Mars 1963. La victoire des mineurs, première grande défaite du pouvoir gaulliste, ouvre une brèche. La même année, « les tams-tams de la colère » résonnent à la SNCASE de Toulouse, tandis que l’on exige la reconnaissance du syndicalisme chez Neyrpic à Grenoble. Durant les quatre années qui suivent, les luttes s’amplifient. Au printemps 67, deux mois de conflit paralysent la métallurgie nazairienne, tandis que mineurs de fer et sidérurgistes lorrains se mobilisent et que les Dassault à Mérignac font plier le patronat, après trois mois de lutte. Le mouvement se poursuit en 1968 – comme à la Saviem de Caen – et la manifestation du 1er mai à Paris, la première autorisée depuis 1954, est un franc succès.
Mai-juin 68
Début mai, les universités s’enflamment. La mobilisation s’élargit au-delà des étudiants après la violente répression de la « nuit des barricades ». La grève générale du 13 mai met le feu aux poudres. Le 14, les salariés de Sud-Aviation à Nantes occupent leur usine. Rapidement le mouvement s’étend (Berliet Vénissieux, Schneider au Creusot…), rejoint par les usines Renault et la métallurgie parisienne, ainsi que par d’autres professions (transport, chimie, PTT).

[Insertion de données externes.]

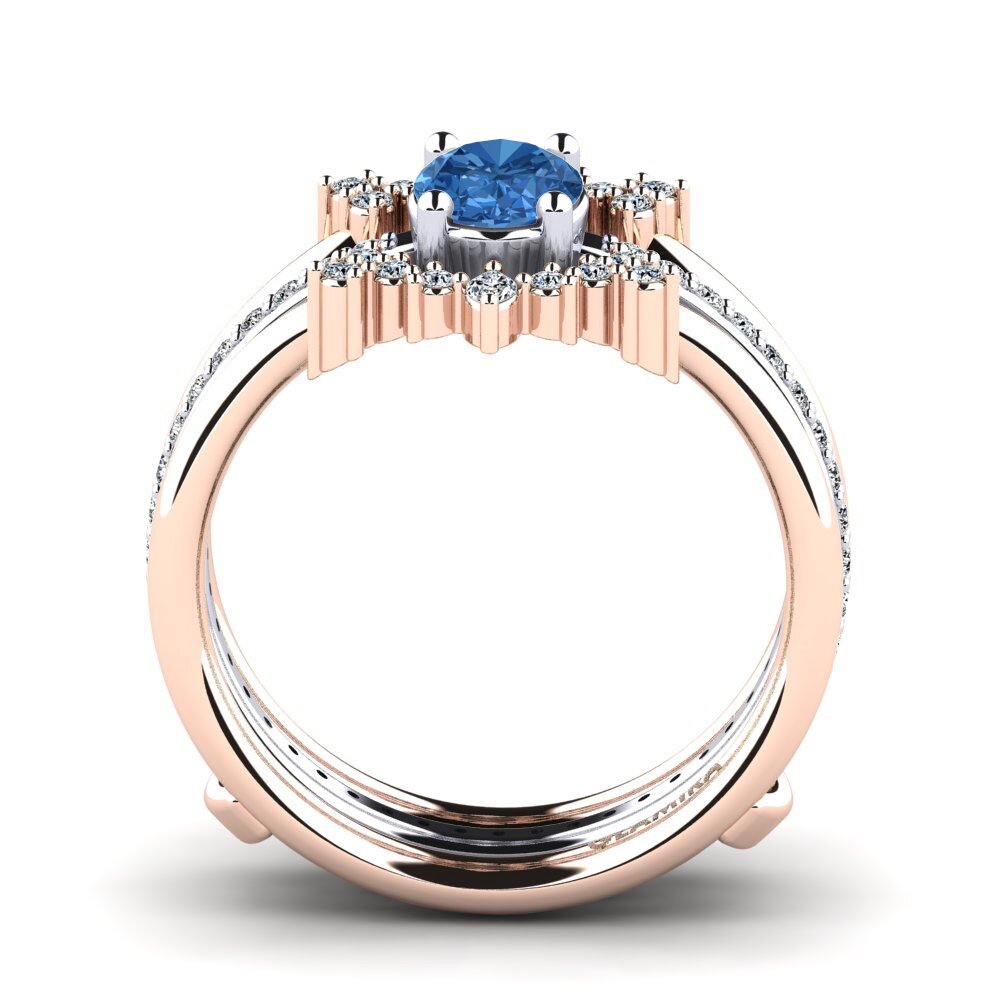 Dunkelblauer Zirkonia Ring Feoun SET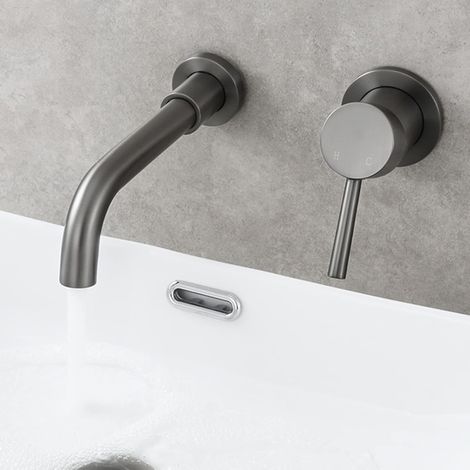 An der Wand montierter Badezimmerhahn, Spültisch-Mischbatterie, Warm- und Kaltwassermischer, kein Auslaufen, schnelle und einfache Installation - Grau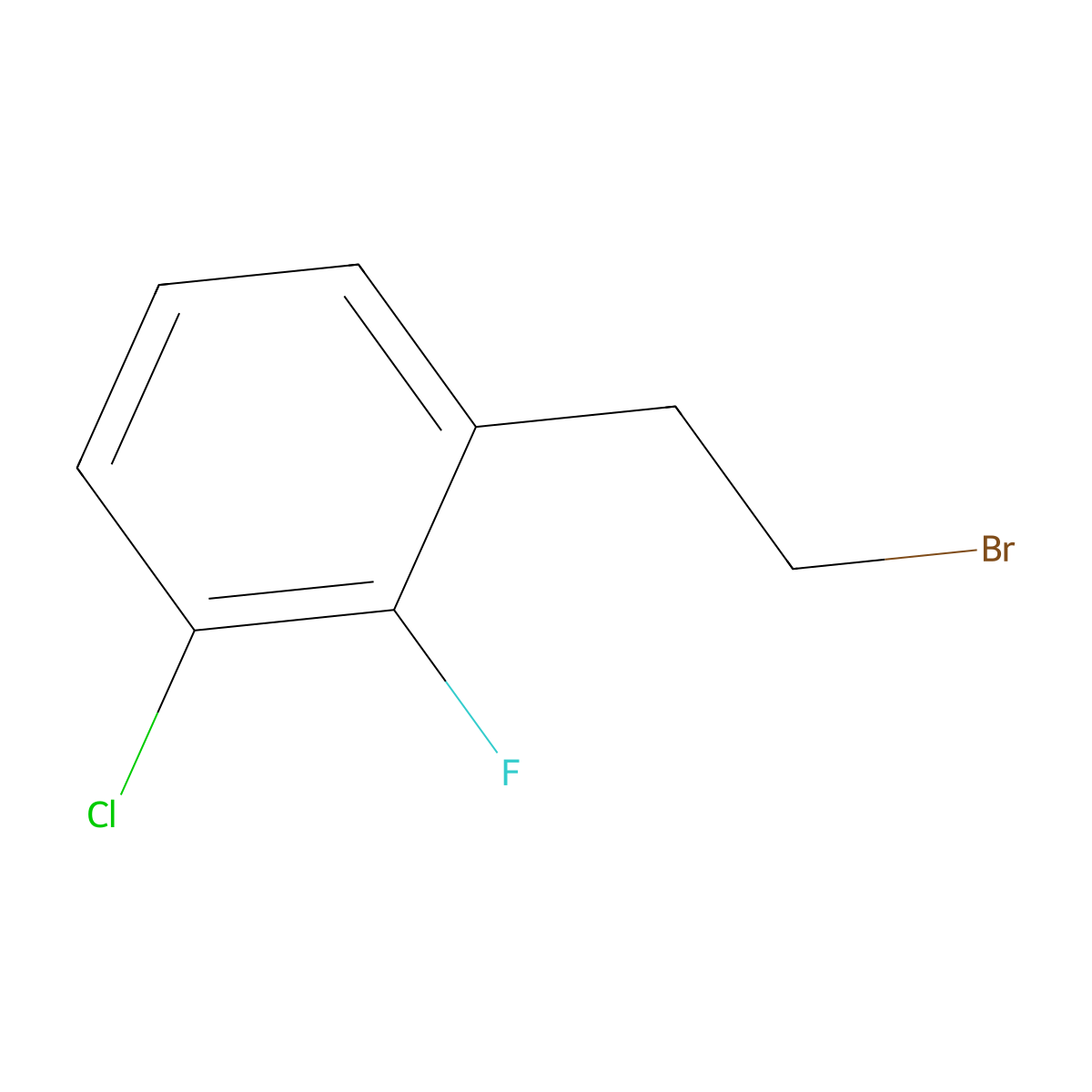 1-(2-Bromoethyl)-3-chloro-2-fluorobenzene molecular structure, CAS 1260809-87-7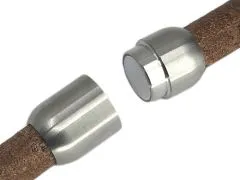 Magnetverschluss Edelstahl für Schnüre Ø 8,0 mm • Silber matt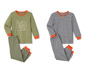 2 Kleinkinder-Pyjamas, blau gestreift und olivgrün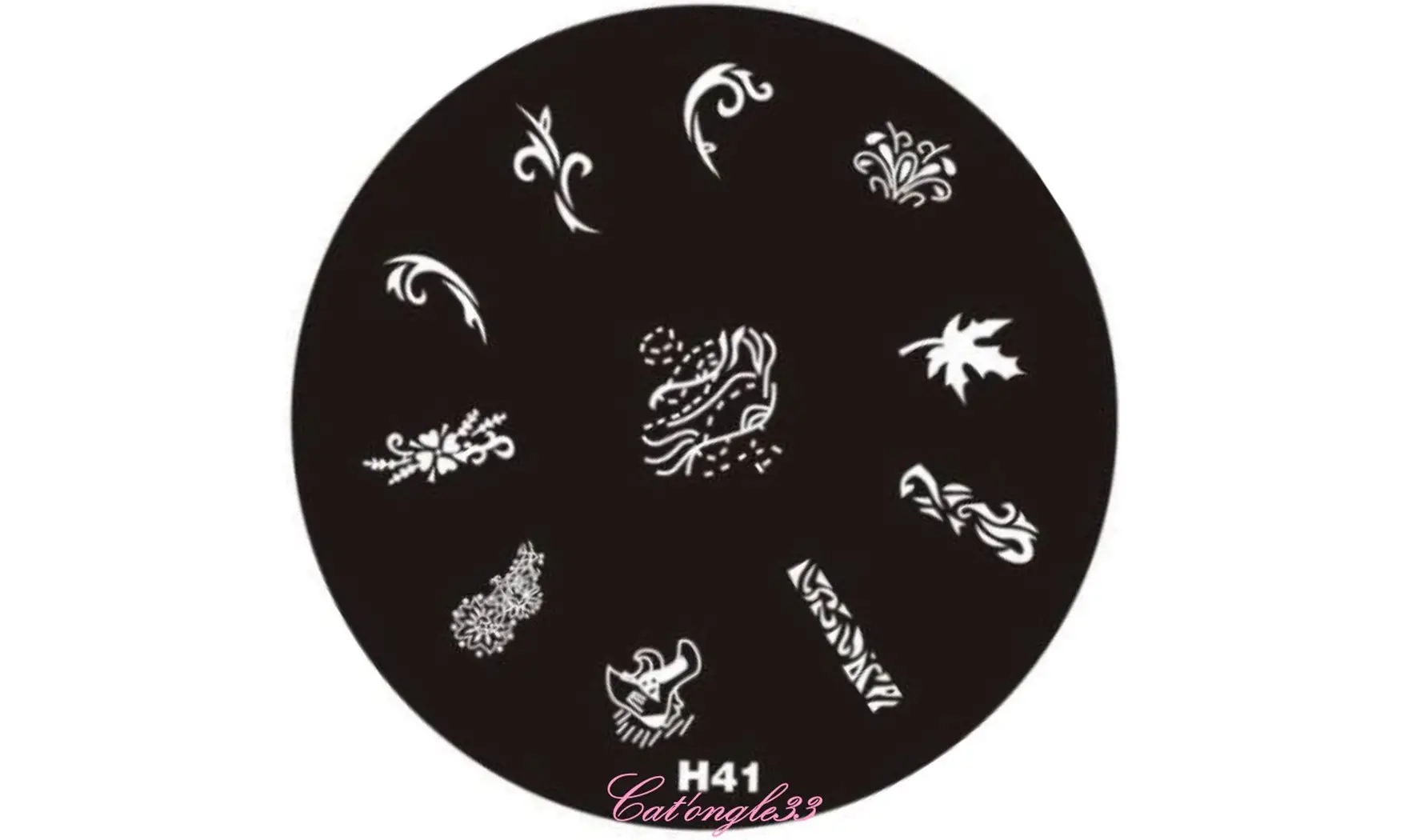Plaque stamping H41 ronde nail art
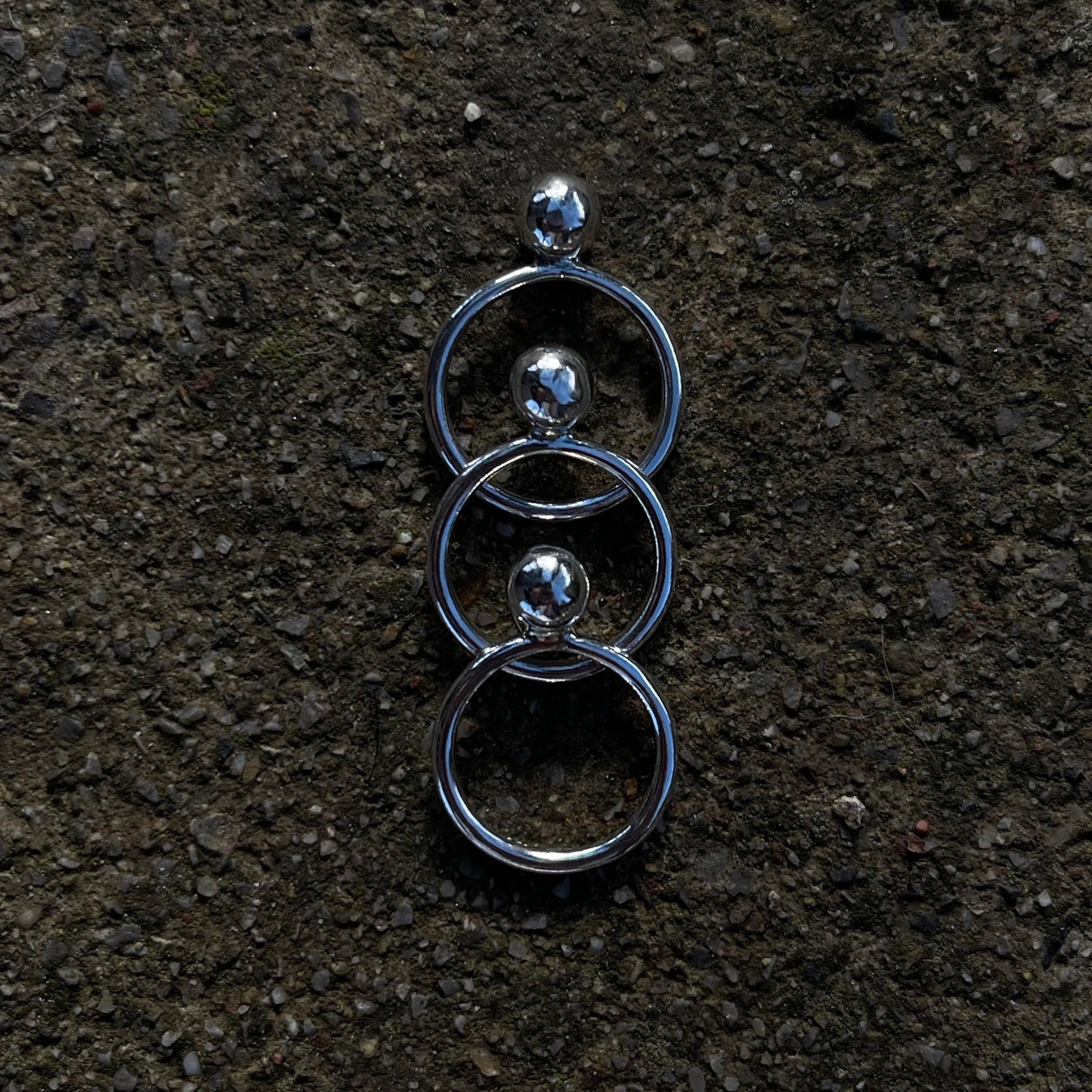 Three Sterling Silver Handmade Rings With spheres on top.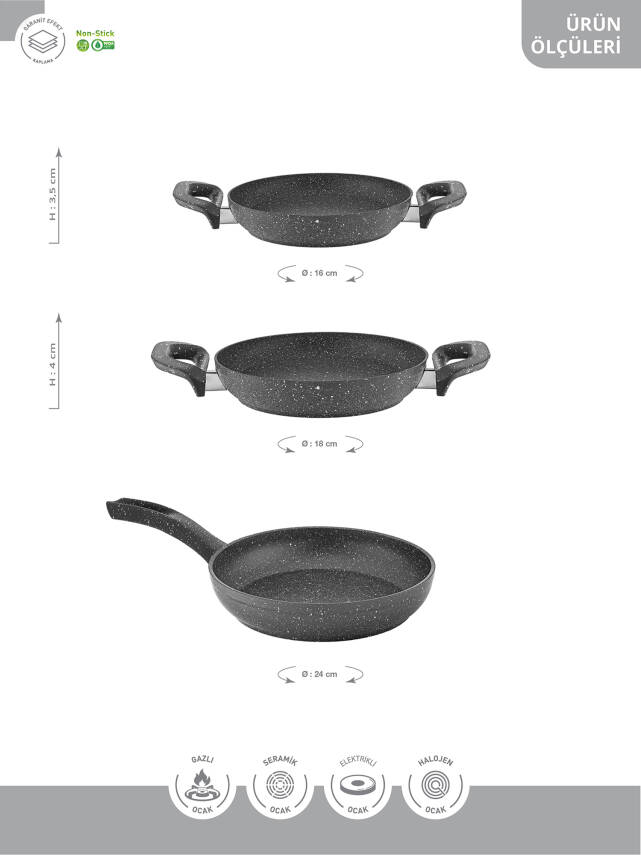 Hascevher Verona Granit 3 Parça Sahan - Tava Seti(16/18cmSahan/24cmTava) - 4
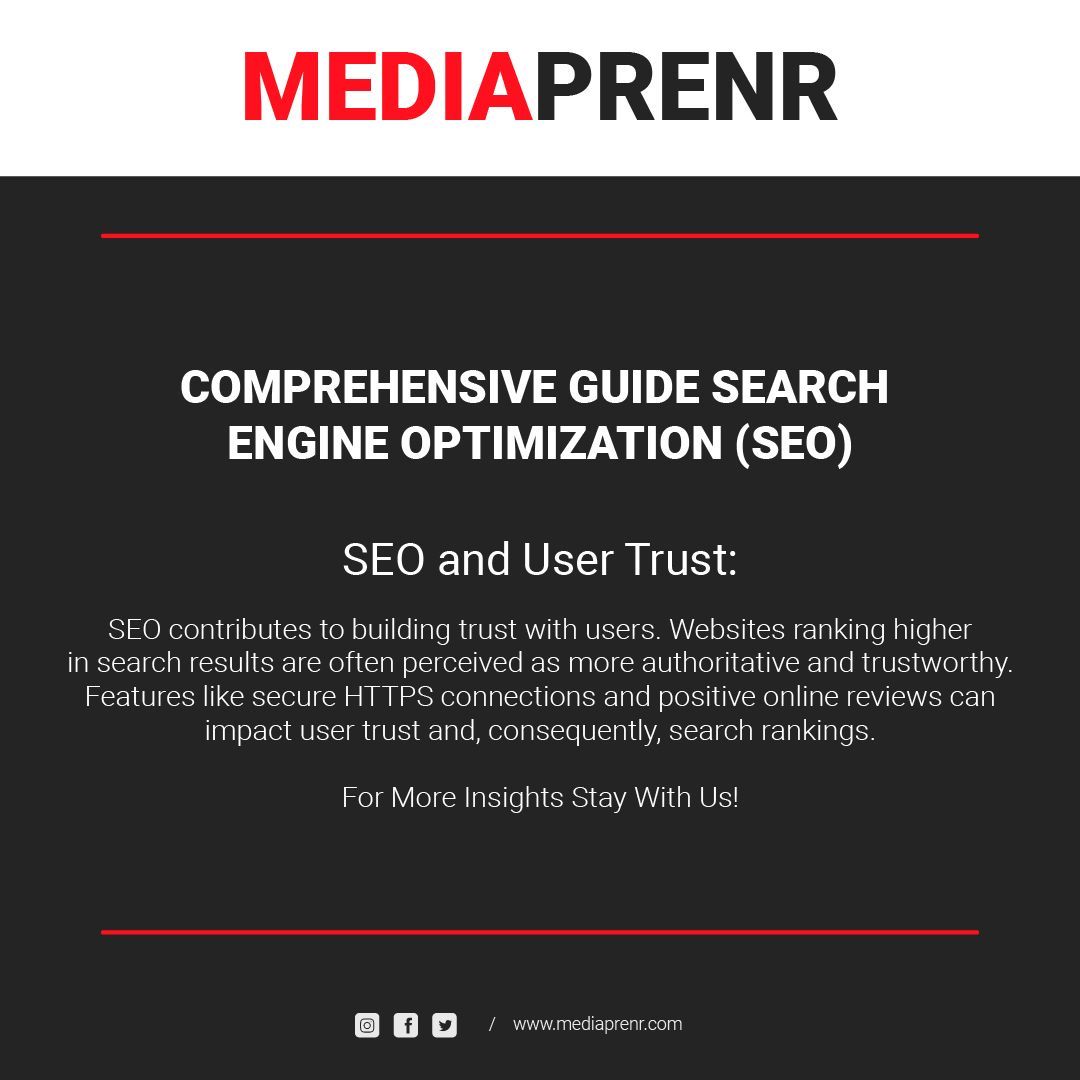 Comprehensive Guide Search Engine Optimization (SEO)
SEO and User Trust:
SEO contributes to building trust with users. Websites ranking higher in search results are often perceived as more authoritative and trustworthy.
For More Insights Stay With Us!
#SEO #SEOGoals #SEOMastery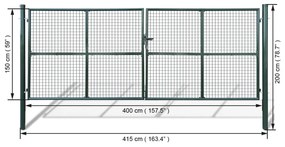 Καγκελόπορτα 415 x 200 εκ. / 400 x 150 εκ. - Πράσινο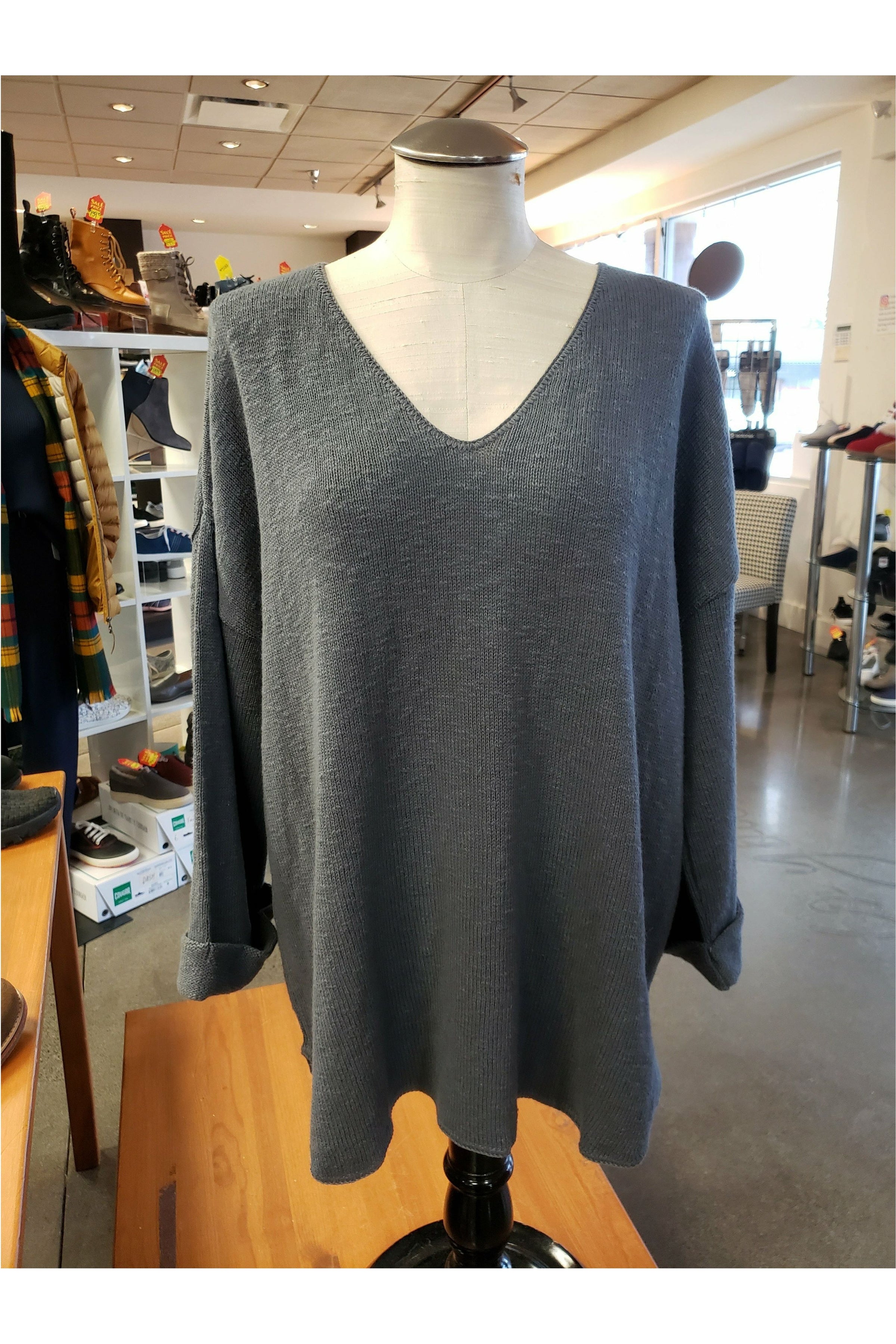 Avalin V-Neck Tunic Sweater - Style N9079, front, charcoal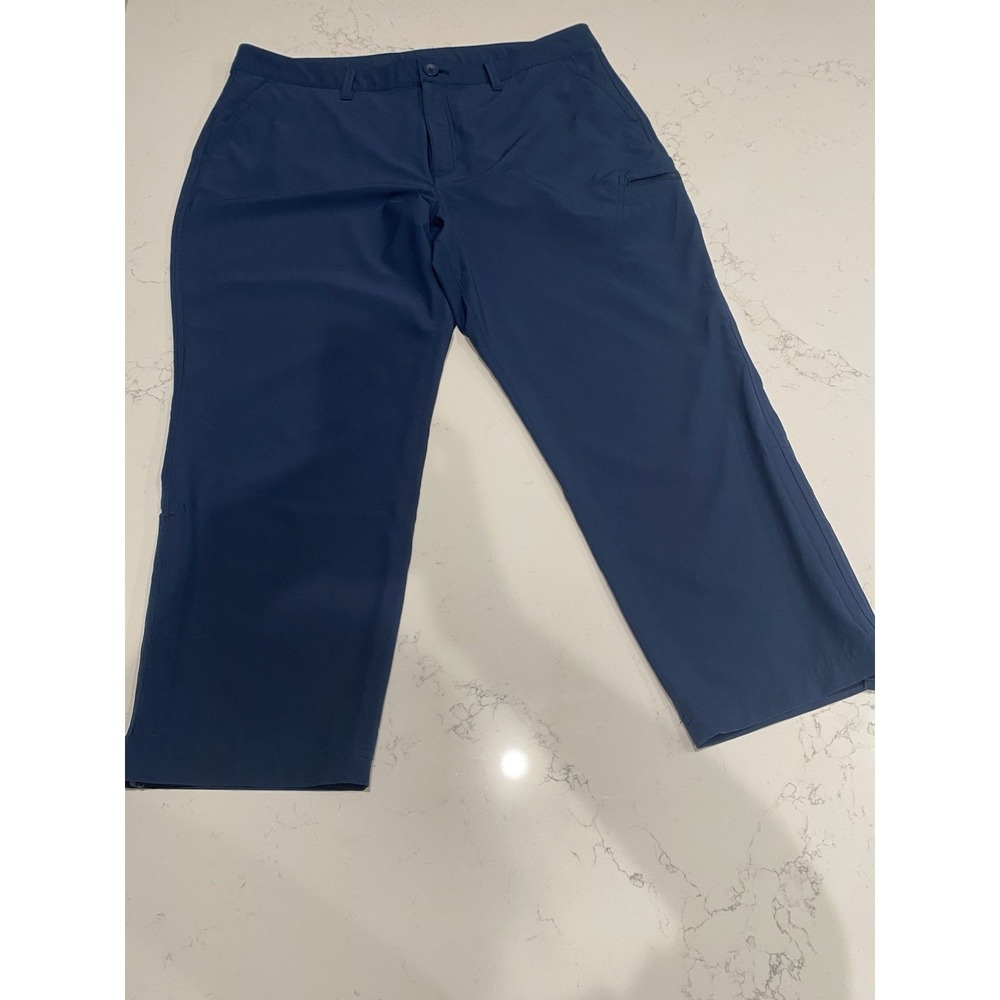 Eddie Bauer Ripstop Crop Pants Women 14 Blue Hiking Capri Stretch Cargo Gorpcore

Jour après jour, grèves et occupations se multiplient, traduisant l’exaspération à l’égard de la dégradation des conditions de travail, et de la stagnation salariale, de l’inquiétude devant les fermetures d’entreprises et des restructurations. Un puissant moteur de revendication et de mobilisation est l’accord d’unité syndicale CGT-CFDT signé quelques mois plus tôt.
Face à la paralysie qui gagne tout le pays, le gouvernement impose une négociation qui s’ouvre le 25 mai au ministère du Travail, rue de Grenelle. Les discussions sont âpres, seul un « constat » est finalement dressé. Il prévoit entre autres des hausses de salaires, la réduction du temps de travail, la révision des conventions collectives et la reconnaissance du droit syndical à l’entreprise.
Transformer l’essai
La reprise du travail s’amorce lentement à partir de mi-juin, tandis que les élections législatives anticipées donnent une large victoire à la droite. Mais la Fédération sort renforcée, avec plus de 100 000 adhésions et 600 bases nouvelles. Dans de nombreuses entreprises, les conquêtes vont bien au-delà du « constat » de Grenelle et dans la branche l’UIMM doit céder cinq accords nationaux – dont la mensualisation – et la convention collective nationale des ingénieurs et cadres.
Le bouillonnement de mai ne s’essouffle pas immédiatement et la conflictualité est forte durant la décennie suivante, avec des conflits emblématiques comme le Joint français à Saint-Brieuc, Lip à Besançon ou encore Renault au Mans. Mais si le fond de l’air est rouge, la concurrence syndicale réapparait et le salariat doit affronter un patronat qui entend reprendre ce qu’il a dû céder. Un véritable arsenal est déployé : presse patronale d’entreprise, formation des cadres aux méthodes antisyndicales, caisses antigrèves, guérilla judiciaire contre les droits syndicaux, implantation de syndicats-maison et de milices chargés de faire régner l’ordre, notamment dans l’automobile.
Pire, le démantèlement programmé de branches industrielles, comme la sidérurgie, la construction navale, la machine-outil ou l’automobile génère un chômage de masse et saigne des régions entières. Refusant tout fatalisme, la CGT encourage et organise les luttes et défend des solutions industrielles, comme celui d’un avion moyen-courrier équipé du moteur CFM 56 produit par la Snecma ou encore la reprise sous forme de coopérative de Manufrance à Saint-Étienne.